By Sonny Scott
The headline was an attention grabber: “American High School Students Are Reading Books at 5th Grade Appropriate Levels: Report” (Emmeline Zhao on “The Huffington Post,” 3/22/12). The article went on to list the 20 most-assigned books to high school students, with their “reading level,” as measured by somebody’s algorithm, hovering around the fifth grade level. It included such to-be-expected fare as Harry Potter, “The Hunger Games,” the Nancy Drewish “To Kill a Mockingbird,” the mildly provocative “Of Mice and Men” and “Animal Farm,” along with “The Great Gatsby” and 14 titles unfamiliar to me.
Well…, of course. If you are a high school student choosing your own reading material, you go for the light stuff. If you are a high school teacher facing 30 kids – 20 of which don’t want to be there, and 25 of which have serious reading deficiencies, you don’t assign “Ulysses” or “The Sound and the Fury,” do you?
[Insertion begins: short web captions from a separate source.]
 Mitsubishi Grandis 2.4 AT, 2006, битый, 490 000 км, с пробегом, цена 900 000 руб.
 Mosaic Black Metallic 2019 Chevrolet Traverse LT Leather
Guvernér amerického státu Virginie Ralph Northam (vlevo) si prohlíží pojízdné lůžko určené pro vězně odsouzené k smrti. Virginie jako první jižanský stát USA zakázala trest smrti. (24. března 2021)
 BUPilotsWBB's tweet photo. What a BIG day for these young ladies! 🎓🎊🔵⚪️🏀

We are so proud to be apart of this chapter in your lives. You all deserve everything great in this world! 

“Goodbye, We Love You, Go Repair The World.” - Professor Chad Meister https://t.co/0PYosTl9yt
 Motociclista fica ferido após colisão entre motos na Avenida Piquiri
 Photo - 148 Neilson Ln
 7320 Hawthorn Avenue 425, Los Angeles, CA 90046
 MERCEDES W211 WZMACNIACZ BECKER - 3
Our youth are born communicators. LOL, ROFL, and OMG may be the first creations of their pudgy little fingers. They pick up on nuance in social interaction much quicker than those of us who grew up at a more sedate pace. All these skills are important. “A picture is worth a thousand words,” the ancient cliché maker opined. “But it takes words to make that point,” some aphorist added. Carefully honed and organized prose is necessary to present complex ideas, and it’s on this shoal that our media-driven networking, texting, chatting, educationally fragmented student body runs aground.
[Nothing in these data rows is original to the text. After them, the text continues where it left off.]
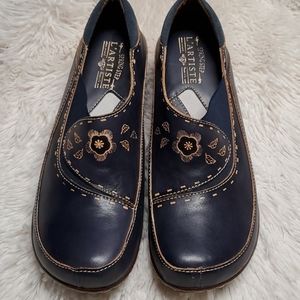 L'artiste by Spring Step Women's Navy Clog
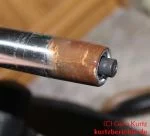 Demontage Gasdruckfeder - Hier sieht man deutlich den Knopf, welcher die Gasdruckfeder auslöst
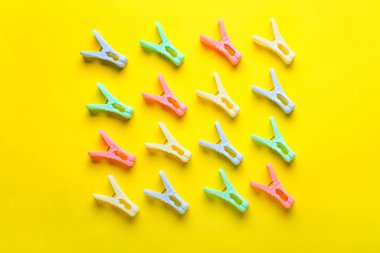 Renk arkaplanındaki plastik elbise iğneleri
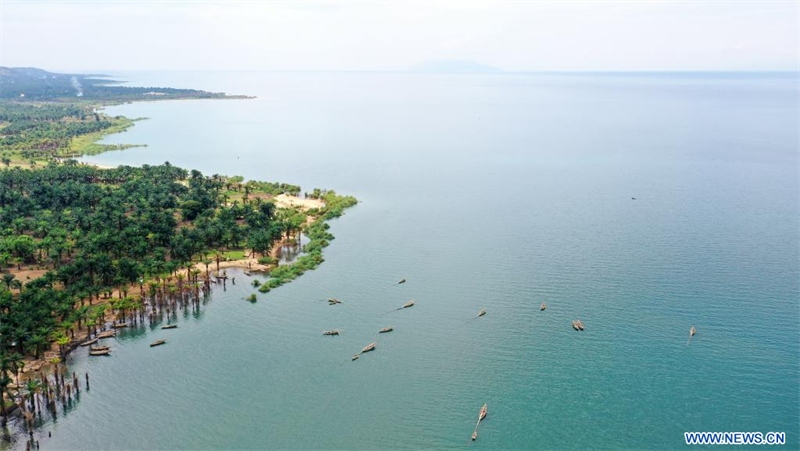 Burundi : paysage du lac Tanganyika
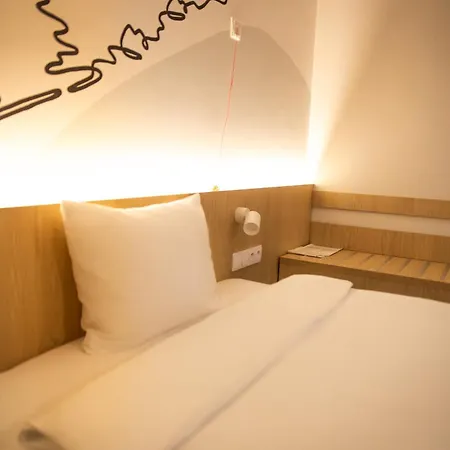 Arche Lotnisko 3* Danzica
Light reading for diversion was important to us on the farm at Sparta in the ’50s. Having no TV or telephone to fill time on sleepy Sunday afternoons or rainy day down times, Sis and I followed the example of our parents and read for diversion, knowledge and enjoyment – cultivating vocabulary, comprehension and reading speed all the while.
Schools usually manage to take the joy out of everything, but since the art of narrative was not extinct in the texts of the ’50s and ’60s, they failed to do so with reading. A comparison of vintage texts and modern is illuminating. The interpretations and points of view may have been dated or provincial, but those old writers could tell a story and sustain interest. Today’s committee-composed tomes weigh in at several pounds, cost upward of $70 each, are laden with color, graphics, and asides to make sure that every possible demographic group’s self-esteem gets a stroking, but they have no continuity and nobody reads them. (Neither would I.)
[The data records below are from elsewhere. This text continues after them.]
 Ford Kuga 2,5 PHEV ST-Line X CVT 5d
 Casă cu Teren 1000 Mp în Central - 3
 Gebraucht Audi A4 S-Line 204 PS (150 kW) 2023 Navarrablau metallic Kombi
The skill and ability to read on an advanced level stands or falls with the language arts instructor, or “English teacher,” as we called her back in the day. In the 10th grade, I had the good fortune of encountering a teacher who wasn’t afraid of complacent students or doting parents. She assigned the first book report on a work of our choice, and I was glad to oblige. I loved to read, and writing reports had always seemed as natural as breathing. Imagine my surprise when my report came back adorned with “F+”. She seemed to be expecting me at recess, and cut right to the chase. “Your report is well organized and well written,” she allowed, “but your chosen book is light fiction with no value beyond trivial entertainment. If you want to improve your grade, read a work from this list, and we’ll see what happens.”
I went to the closet we euphemistically called a “library,” and came away with “A Tale of Two Cities.” By the time I finished reading and reporting on it (with Miss Thompson’s coaching on how to read literature), I was hooked. Like crack cocaine, good literature is highly addictive.
In today’s school climate, this approach (with its “find-my-strike-zone” approach) would not work. There would have to be state-approved “objectives” written in behavioral terms. Specific outcomes would have to be delineated and evaluated. (Read that as “tested.”) If it isn’t on the state sanctioned test, forget it. As the young folks say, “How is THAT working out for you?”
Hiring a well-educated teacher, trusting her to deal with a student in accordance with her judgment, and staying out of her way while she does her job … what a radical idea! Wonder why it’s never been tried? Oh, wait … it has been. I wonder why it went out of style?